So many of us probably hear the word and think of someone (usually a preacher or a woman in a bonnet) singing the old hymn,  Bringing in the sheaves.

 

And caught by that single word, I began looking again at the readings for this Sunday, especially  rereading the psalm.  The psalm itself is about returning from exile; it is a psalm extolling the great thing God has done for Israel. But what I found most interesting, most curious, and most ponderable is that sorrowful image of the exile itself, that image of a sower weeping as he goes forth carrying seed to be sown.  And I have been meditating on that image most this week.  And even wondering how it might speak to the other readings.

 

There is an explicit connection to the reading from Jeremiah 31 which speaks of Israel’s return from exile, and even echoes the psalms image of departing in tears.  And a clear metaphorical connection to the Gospel of Mark with its’ story of Bartimeus the blind man crying out for help.
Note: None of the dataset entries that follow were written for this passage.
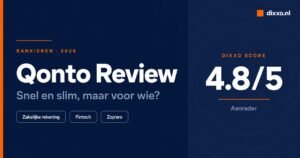 Qonto review 2026 zzp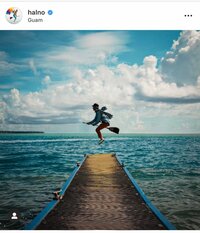 AHN MIKA『バカンスの最後は、、魔女の宅急便に！』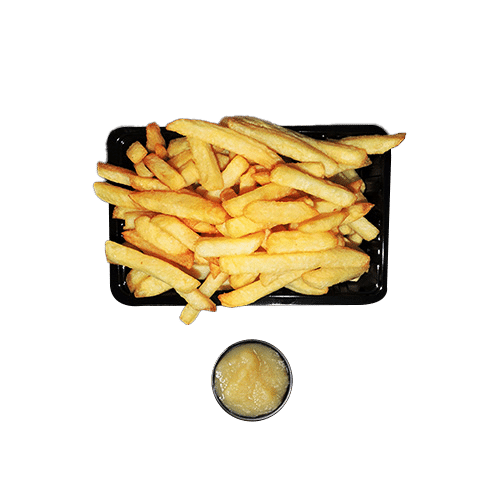 Friet groot appelmoes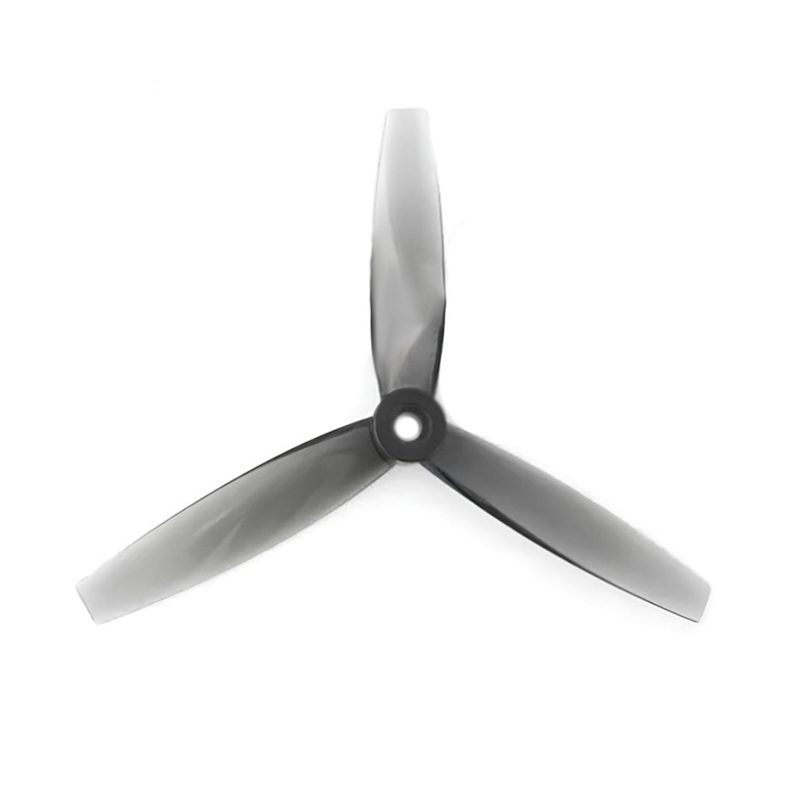 HQProp 3D-5X3.5X3 Poly Carbonate Triblade Propeller - Grey (2CW+2CCW)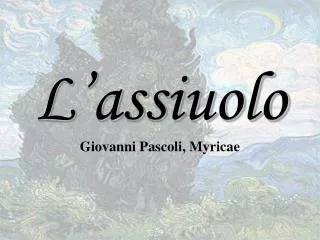 l assiuolo
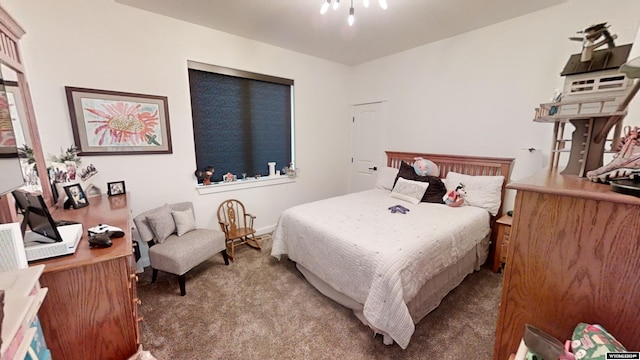 bedroom featuring carpet flooring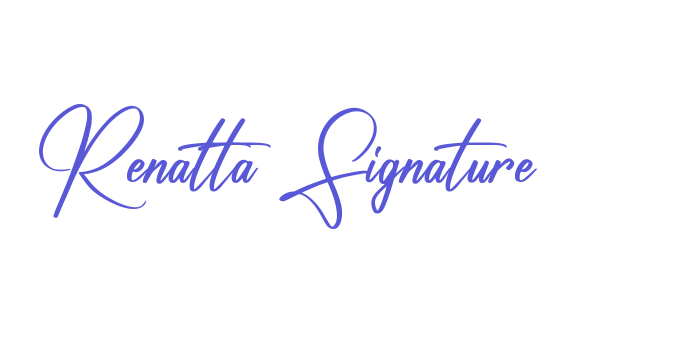 Renatta Signature Font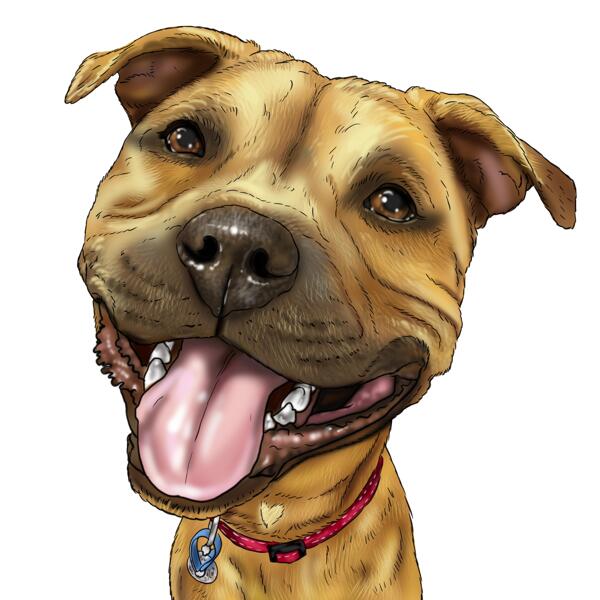 Staffordshire Bull Terrier Karikatürü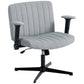 Criss Cross Office Chair with Flip-Up Armrests - Grey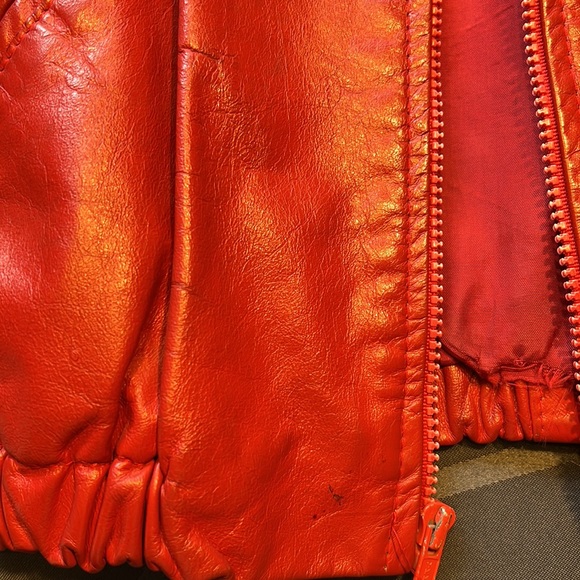 🚨Vintage 1980’s Red Leather Jacket🚨 - Picture 2 of 8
Bartimeus is exiled from the world of the seeing by his lack of eyesight.  And when he is healed by Jesus, he follows Him—rejoicing as he walks literally in the presence of God.

 

And then there is that middle reading from the letter to the Hebrews (5:1-6). It tells of a different kind of exile—the exile of being a high priest. The author reminds us that “No one takes this honor upon himself, but only when called by God…” (cf. 5:4), so, in a sense, the high priest is set apart, exiled by the will of God. And yet, this is not a geographical exile, but a spiritual one. The high priest remains in the presence of the community, but is spiritually set apart to offer sacrifice for sins (both theirs and his own).   

 

And all of it calls me back to that image of the mournful sower and his seeds.  And I keep asking myself: why? Why that image? And what about those seeds? 

 

Historically there are tales of enslaved peoples actually carrying seeds with them into exile, as a source of food, or livelihood (woven into their hair or the clothes they wore). But, even that historical fact is ripe for metaphor: though they were dragged from their homes and their lives, a piece of it still came with them; wherever they were taken, they carried a piece of their homeland, and their way of life with them. 

 

But still… that image of the sower and those seeds. It haunts me.  And I keep asking myself why.

 

And I think part of it is this: To be exiled is to be sent somewhere unfamiliar, unknown—not our home, our safe place. To be sent into exile is to become vulnerable, dependent on the grace of God and the kindness of strangers. In exile, I must always ask for help, for permission, for assistance, for mercy. In exile we become kind of like the blind Bartimaeus: vulnerable to the thoughtless or cruel, and dependent on the kind. We become—in a sense—like one of those seeds. Cared for, we could take root and grow, possibly even thrive, but mistreated or cast aside we could just shrivel up, or be ground down and trampled to dust.  But, what does that mean to us today? What might it mean for our daily life?

 

Let me tell a brief story from my week. I have been baking a lot of muffins lately. And some come out perfect and moist and delicious, and others not quite so well; they are dense or not sweet enough, too dry… Well, last week I baked a batch of orange cranberry pecan muffins that just didn’t seem quite up to snuff. They were fine, but disappointing after the previous batch, which a friend referred to as “Herman’s magic muffins.”  And then I baked another… and again—not as good. No magic! In fact, their texture and the blandness of their taste left me feeling kind of depressed. I thought I had done everything the same, thought I had done it all right, but they just weren’t as good. Maybe those magic muffins were just an accident.  And the reality was these: too bland and a little dense, kind of like me.

 

Anyway, I tried again but went back to my basic raisin walnut recipe and those were a little better.  So I bagged a few up to take with me to work (as breakfast for the week) and discovered that I still had some failed cranberry orange muffins leftover in the faculty kitchen.  Why did the sight of those muffins make me so sad? Somehow they seemed a sign of my own frailty, my own failure. I started to throw them away, but realized how wasteful that would be –so I set them out on a plate for others.  Not a selfless act as much as one of desperation—I would say. I needed to be set free from the failure of those muffins! They haunted me—like missing a last second field goal or striking out with bases loaded in the final inning of the world series.

 

Let me remind you—these were not poisoned or tainted in any way, except by my own knowledge that they could have been better! So I put them out for anyone to take, and went off to open the library. Less than an hour later one of our theology teachers came in the library—a man who is fastidious in fashion and food, famous for his own cajun cooking—and as he was passing by he asked me:  Those muffins in the kitchen. Did you bake those?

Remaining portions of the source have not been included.